• WORK ITEM: Select, from the data, each line where "website" occurs.

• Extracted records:
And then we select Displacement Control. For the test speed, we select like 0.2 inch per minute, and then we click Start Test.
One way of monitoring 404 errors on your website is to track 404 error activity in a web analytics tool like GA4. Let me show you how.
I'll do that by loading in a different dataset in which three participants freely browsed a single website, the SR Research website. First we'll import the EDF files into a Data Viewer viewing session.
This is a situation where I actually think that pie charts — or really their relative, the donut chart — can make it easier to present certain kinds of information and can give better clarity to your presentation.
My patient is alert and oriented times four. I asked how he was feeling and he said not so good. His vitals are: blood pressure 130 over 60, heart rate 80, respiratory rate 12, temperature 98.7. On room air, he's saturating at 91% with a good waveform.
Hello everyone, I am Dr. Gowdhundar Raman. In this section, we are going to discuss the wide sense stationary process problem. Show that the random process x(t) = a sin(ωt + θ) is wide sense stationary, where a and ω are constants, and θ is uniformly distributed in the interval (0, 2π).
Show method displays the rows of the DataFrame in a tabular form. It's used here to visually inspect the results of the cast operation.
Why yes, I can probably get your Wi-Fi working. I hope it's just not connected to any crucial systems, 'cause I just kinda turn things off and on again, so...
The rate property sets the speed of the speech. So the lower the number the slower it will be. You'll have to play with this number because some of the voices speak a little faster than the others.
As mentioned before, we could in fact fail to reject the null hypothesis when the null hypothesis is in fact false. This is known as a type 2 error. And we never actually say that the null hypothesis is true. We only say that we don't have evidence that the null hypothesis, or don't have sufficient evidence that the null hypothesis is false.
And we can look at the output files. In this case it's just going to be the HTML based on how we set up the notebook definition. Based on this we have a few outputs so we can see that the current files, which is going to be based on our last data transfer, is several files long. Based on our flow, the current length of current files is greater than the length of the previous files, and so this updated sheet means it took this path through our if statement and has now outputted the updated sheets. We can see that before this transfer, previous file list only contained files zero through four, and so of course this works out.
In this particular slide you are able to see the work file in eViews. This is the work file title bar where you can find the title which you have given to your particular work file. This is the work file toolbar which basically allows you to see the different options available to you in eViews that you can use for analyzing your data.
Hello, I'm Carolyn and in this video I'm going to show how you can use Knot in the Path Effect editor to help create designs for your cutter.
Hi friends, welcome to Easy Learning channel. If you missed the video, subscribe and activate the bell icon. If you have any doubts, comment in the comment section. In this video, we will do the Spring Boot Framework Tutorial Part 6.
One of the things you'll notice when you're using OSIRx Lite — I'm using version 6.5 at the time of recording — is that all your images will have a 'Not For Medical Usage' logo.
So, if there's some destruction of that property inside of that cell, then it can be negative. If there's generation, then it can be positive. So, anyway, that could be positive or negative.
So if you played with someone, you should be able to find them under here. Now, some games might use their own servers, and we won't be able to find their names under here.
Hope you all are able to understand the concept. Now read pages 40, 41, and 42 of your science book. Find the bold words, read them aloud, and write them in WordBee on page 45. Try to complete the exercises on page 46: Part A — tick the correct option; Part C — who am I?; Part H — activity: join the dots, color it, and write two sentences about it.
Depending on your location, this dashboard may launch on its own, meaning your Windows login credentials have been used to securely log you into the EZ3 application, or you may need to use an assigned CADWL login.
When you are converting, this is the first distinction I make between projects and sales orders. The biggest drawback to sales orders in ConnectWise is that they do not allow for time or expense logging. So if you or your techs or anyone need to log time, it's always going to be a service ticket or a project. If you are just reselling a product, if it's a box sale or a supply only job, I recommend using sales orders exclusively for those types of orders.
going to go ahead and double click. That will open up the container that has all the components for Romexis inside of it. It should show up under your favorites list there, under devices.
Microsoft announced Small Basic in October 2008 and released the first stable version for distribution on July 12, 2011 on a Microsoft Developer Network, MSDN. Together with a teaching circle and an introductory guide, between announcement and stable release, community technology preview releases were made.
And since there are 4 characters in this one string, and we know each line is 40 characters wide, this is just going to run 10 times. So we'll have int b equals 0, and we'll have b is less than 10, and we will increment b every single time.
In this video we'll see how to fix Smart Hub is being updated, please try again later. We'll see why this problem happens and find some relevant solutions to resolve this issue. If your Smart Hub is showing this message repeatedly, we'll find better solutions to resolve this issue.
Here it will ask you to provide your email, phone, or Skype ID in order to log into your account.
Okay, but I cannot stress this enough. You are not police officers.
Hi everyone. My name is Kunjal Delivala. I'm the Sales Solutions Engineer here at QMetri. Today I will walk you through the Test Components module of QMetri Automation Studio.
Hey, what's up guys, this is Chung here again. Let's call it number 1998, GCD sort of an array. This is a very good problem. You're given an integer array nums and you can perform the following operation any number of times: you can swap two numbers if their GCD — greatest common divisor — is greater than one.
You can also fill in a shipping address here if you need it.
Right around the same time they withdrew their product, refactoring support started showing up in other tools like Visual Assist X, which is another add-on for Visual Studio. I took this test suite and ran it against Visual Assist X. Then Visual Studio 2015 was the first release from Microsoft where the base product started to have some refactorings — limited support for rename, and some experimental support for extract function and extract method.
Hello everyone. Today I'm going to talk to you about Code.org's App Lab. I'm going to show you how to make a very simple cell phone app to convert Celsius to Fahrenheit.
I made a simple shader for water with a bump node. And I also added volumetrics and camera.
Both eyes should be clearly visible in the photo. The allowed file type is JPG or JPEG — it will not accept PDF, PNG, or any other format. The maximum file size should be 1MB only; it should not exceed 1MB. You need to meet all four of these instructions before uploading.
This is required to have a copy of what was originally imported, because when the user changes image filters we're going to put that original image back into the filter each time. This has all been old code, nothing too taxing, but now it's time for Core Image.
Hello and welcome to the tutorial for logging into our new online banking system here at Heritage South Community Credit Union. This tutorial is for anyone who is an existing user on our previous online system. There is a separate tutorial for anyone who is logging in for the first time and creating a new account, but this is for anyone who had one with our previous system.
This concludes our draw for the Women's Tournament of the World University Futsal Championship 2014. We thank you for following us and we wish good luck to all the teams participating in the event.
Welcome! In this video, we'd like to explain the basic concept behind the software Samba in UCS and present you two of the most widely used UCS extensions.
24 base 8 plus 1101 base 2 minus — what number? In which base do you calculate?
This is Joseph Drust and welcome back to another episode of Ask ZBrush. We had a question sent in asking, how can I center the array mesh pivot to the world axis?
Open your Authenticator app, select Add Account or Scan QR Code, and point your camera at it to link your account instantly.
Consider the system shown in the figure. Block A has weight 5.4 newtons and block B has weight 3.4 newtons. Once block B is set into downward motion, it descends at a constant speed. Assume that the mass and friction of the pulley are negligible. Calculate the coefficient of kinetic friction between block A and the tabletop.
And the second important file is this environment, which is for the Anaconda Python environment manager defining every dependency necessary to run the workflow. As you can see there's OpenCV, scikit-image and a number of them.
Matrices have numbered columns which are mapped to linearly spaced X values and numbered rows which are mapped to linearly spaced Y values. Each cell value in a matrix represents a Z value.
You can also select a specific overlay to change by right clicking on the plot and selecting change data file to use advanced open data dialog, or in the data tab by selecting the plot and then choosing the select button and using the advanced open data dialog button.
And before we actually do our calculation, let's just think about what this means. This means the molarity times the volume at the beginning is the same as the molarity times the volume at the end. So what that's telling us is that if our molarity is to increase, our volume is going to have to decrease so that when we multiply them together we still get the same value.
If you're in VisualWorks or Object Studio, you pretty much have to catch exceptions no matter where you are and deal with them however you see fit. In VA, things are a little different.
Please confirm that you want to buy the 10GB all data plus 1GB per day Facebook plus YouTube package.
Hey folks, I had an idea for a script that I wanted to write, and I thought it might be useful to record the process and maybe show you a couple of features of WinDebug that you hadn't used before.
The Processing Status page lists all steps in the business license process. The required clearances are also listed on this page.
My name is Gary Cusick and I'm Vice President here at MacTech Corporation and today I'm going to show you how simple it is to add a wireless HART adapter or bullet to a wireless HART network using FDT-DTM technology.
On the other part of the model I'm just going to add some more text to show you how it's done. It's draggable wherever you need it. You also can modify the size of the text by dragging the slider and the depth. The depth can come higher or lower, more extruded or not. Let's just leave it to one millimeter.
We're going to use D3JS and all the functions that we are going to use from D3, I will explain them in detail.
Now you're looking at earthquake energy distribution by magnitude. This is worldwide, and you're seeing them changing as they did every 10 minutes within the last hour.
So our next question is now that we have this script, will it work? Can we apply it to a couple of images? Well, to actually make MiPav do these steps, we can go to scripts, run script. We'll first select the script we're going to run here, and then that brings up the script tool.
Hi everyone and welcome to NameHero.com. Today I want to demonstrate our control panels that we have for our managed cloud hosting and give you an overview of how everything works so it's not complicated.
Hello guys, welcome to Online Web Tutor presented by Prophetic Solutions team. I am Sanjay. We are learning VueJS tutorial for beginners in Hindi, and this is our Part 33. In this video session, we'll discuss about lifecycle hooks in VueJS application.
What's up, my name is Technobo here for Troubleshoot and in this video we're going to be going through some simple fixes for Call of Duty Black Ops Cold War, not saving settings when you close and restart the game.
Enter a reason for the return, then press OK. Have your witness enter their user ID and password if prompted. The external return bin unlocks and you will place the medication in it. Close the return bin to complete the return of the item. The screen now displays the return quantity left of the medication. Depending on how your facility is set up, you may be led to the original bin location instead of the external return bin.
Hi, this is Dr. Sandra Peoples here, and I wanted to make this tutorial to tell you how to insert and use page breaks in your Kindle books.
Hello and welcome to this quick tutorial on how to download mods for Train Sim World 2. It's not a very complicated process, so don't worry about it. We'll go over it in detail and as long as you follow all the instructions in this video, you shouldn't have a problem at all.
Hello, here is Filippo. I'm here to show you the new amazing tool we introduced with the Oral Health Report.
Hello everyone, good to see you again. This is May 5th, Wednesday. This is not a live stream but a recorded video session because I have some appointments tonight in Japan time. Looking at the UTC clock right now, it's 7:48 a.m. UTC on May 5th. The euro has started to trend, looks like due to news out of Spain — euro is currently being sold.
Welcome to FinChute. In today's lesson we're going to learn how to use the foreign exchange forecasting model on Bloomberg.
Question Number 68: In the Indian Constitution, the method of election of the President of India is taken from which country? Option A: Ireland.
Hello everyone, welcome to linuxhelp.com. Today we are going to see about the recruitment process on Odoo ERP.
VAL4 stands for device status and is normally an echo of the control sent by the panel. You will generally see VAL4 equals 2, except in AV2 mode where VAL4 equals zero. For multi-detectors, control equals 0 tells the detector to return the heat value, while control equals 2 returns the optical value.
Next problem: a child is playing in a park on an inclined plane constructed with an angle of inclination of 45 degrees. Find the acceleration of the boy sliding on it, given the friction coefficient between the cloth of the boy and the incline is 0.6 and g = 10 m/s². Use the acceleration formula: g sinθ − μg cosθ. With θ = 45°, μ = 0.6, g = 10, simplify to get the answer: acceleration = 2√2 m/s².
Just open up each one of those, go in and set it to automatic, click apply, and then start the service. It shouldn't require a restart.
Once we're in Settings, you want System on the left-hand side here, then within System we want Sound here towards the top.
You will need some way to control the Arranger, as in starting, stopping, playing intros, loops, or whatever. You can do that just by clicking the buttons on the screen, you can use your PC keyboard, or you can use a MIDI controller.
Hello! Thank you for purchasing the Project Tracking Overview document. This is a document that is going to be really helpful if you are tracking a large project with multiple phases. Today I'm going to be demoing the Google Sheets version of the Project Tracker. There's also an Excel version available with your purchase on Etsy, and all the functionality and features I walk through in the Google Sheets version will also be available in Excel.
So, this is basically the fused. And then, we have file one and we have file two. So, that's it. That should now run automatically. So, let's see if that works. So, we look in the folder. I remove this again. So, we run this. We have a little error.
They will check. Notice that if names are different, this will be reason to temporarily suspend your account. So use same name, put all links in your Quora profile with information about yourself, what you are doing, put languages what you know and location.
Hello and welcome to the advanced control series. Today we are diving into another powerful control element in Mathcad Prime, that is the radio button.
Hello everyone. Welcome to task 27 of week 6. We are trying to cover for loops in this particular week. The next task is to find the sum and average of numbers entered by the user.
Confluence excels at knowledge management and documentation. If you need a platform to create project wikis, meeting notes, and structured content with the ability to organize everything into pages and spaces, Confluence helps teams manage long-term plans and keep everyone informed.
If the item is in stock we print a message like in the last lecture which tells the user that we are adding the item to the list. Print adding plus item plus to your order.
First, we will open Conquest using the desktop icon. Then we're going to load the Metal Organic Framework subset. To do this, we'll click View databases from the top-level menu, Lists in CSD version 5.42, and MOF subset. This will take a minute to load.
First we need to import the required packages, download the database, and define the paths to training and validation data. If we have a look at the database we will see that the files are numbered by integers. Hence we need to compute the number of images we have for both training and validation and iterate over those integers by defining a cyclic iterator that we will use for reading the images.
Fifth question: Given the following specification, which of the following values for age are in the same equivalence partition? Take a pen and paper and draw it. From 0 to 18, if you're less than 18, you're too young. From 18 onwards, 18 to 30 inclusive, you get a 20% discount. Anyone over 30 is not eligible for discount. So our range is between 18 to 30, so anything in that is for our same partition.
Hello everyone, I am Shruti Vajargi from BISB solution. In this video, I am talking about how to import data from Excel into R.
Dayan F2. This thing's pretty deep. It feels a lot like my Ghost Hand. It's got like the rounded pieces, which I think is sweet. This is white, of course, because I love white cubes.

• ANSWER FOR THIS EXERCISE:
One way of monitoring 404 errors on your website is to track 404 error activity in a web analytics tool like GA4. Let me show you how.
I'll do that by loading in a different dataset in which three participants freely browsed a single website, the SR Research website. First we'll import the EDF files into a Data Viewer viewing session.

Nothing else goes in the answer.